> **Task instructions**
Retype the listing exactly as it stands, and keep every image out.

> **Material for this exercise**
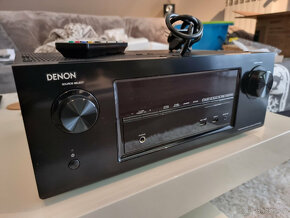 Denon AVR-X2000 7.1 4K AV Receiver Internet Radio Spotify - 5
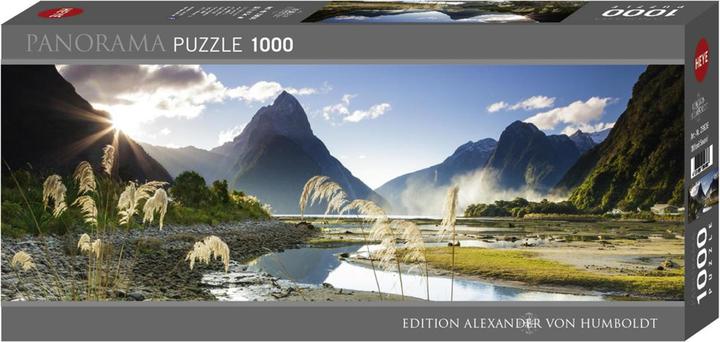 Image du produit Heye Milford Sound (1000 pièces)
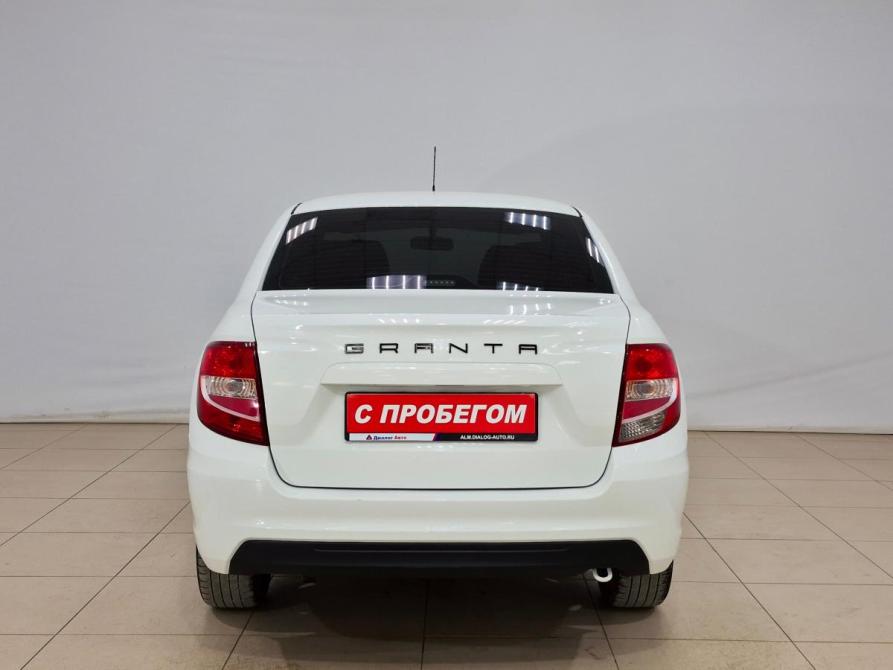 Lada (ВАЗ) Granta I Рестайлинг Альметьевск  - изображение 6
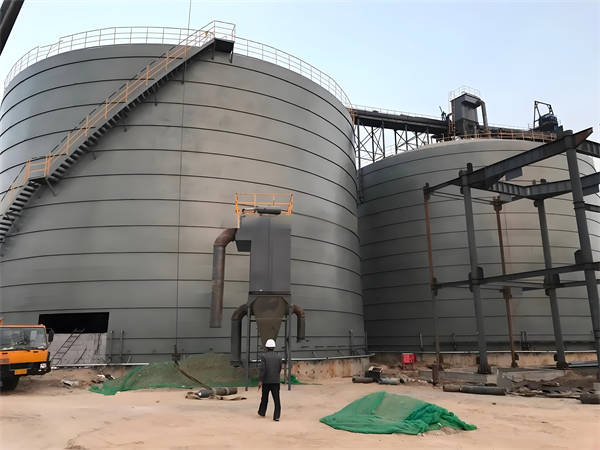 怀柔钢板库及大型钢板库焊接质量控制具体包含哪些方面呢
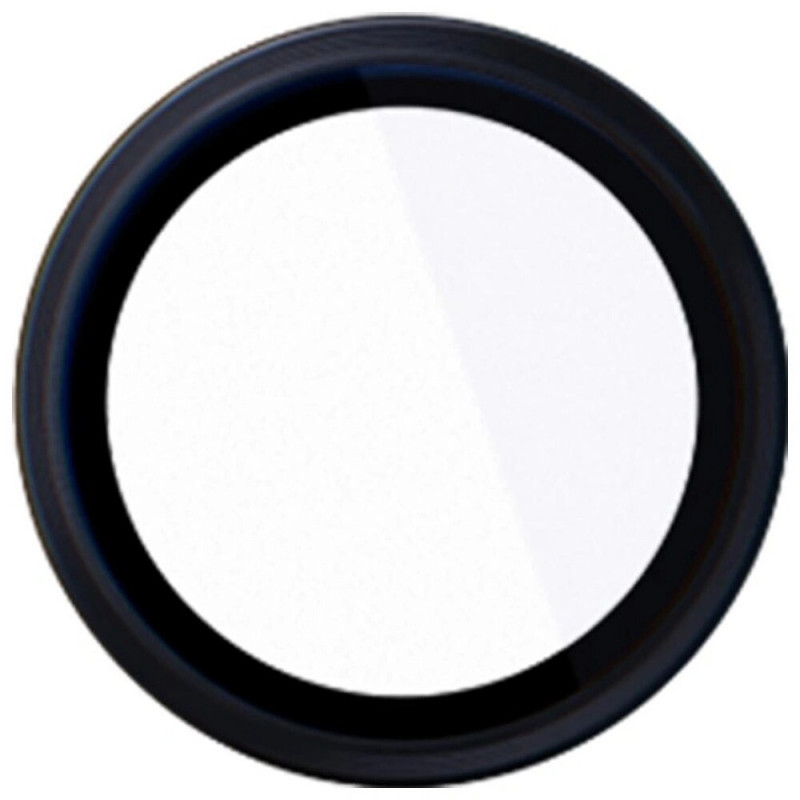 3MK Lens Protection Pro kameras objektīva stikls Samsung Galaxy S25 Edge, melns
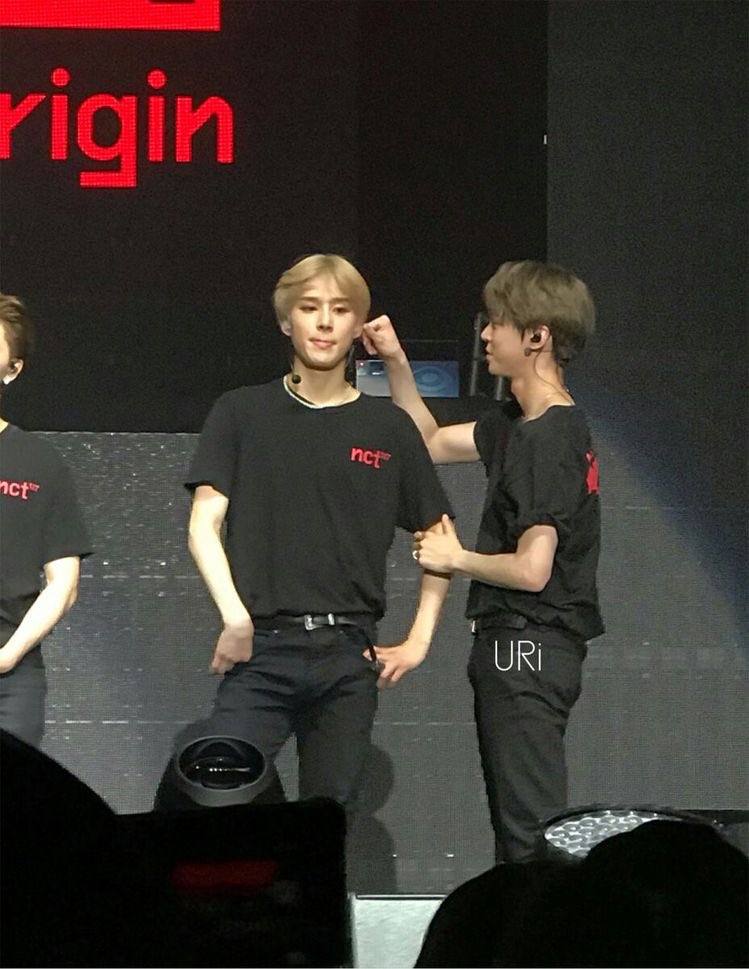 how doyoung looks like in real life: a breathtaking thread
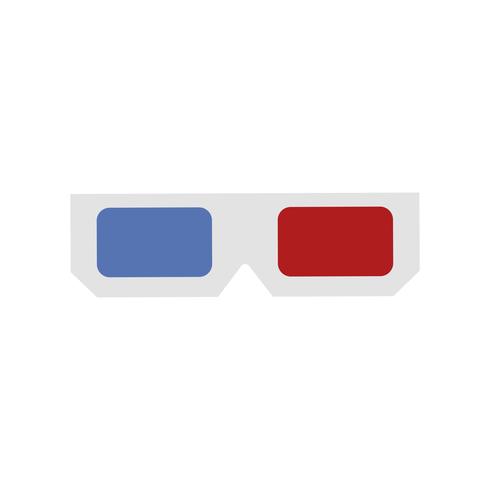 3d Glasses Vector at Vectorified.com | Collection of 3d Glasses Vector ...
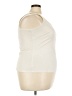 Roz & Ali 100% Polyester Ivory Tank Top Size 2X - photo 4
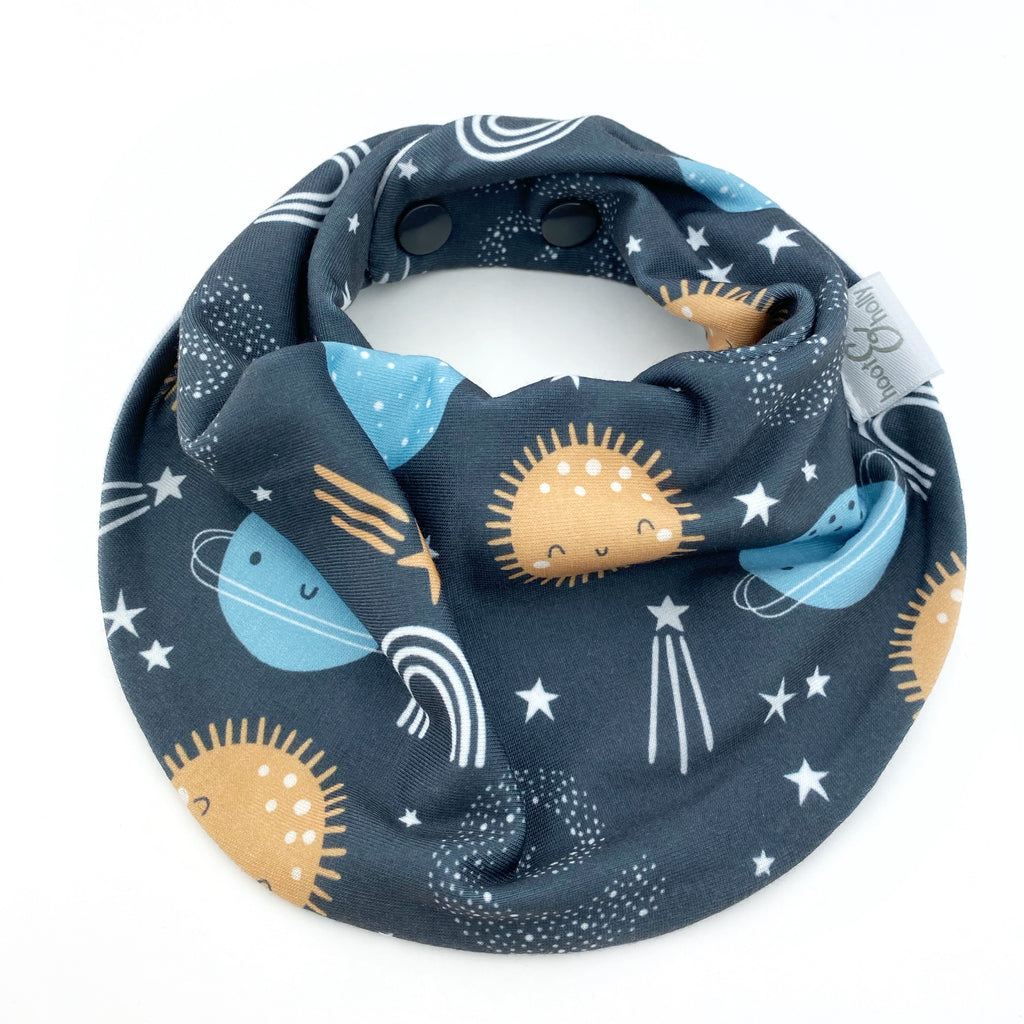 Drool Scarf - Space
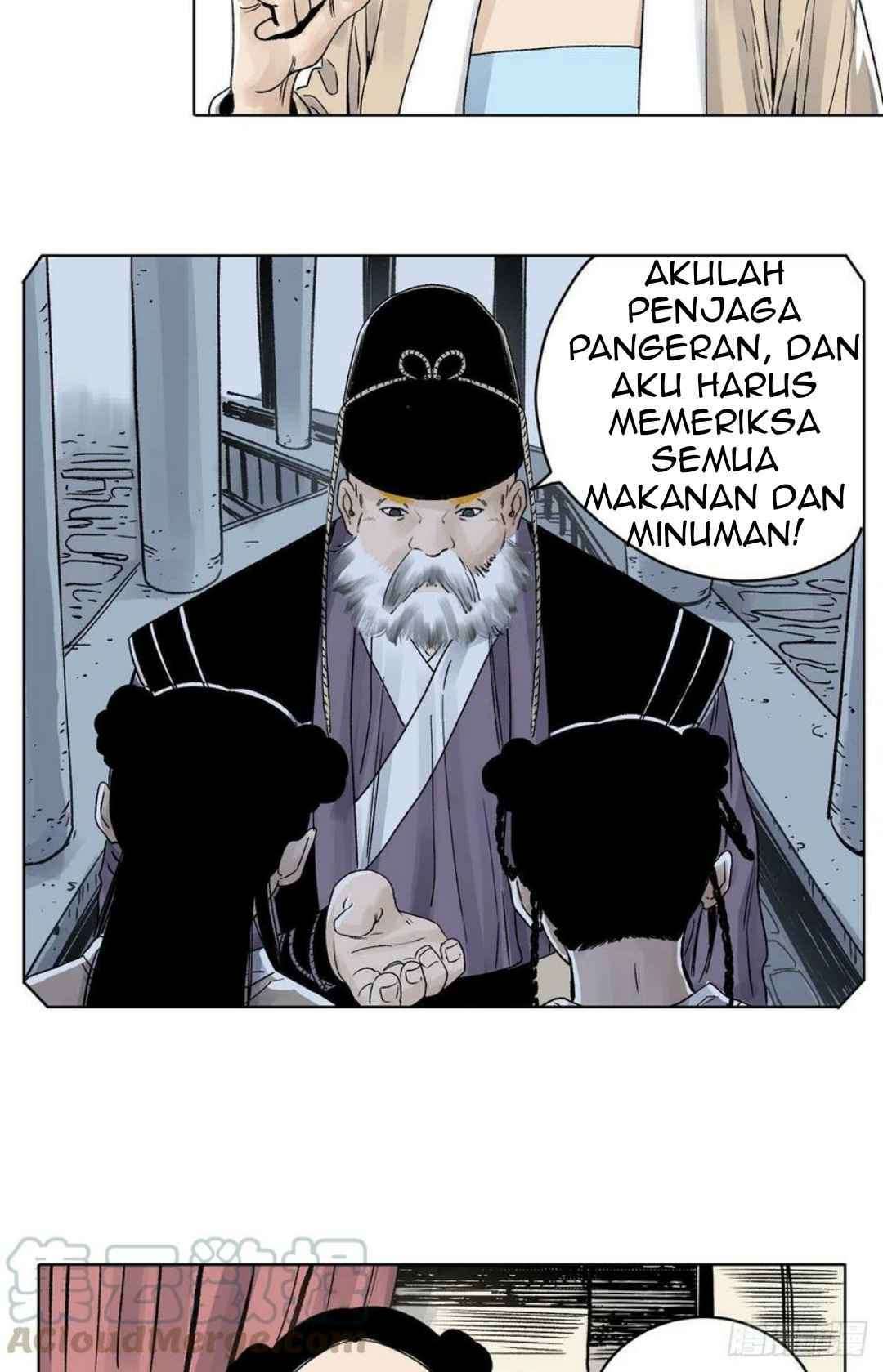 The Taoist Chapter 23 Gambar 17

> **Reply**
 Denon AVR-X2000 7.1 4K AV Receiver Internet Radio Spotify - 5
 Image du produit Heye Milford Sound (1000 pièces)
 Lada (ВАЗ) Granta I Рестайлинг Альметьевск  - изображение 6
 怀柔钢板库及大型钢板库焊接质量控制具体包含哪些方面呢
 3MK Lens Protection Pro kameras objektīva stikls Samsung Galaxy S25 Edge, melns
 how doyoung looks like in real life: a breathtaking thread
 3d Glasses Vector at Vectorified.com | Collection of 3d Glasses Vector ...
 Roz & Ali 100% Polyester Ivory Tank Top Size 2X - photo 4
 Drool Scarf - Space
 The Taoist Chapter 23 Gambar 17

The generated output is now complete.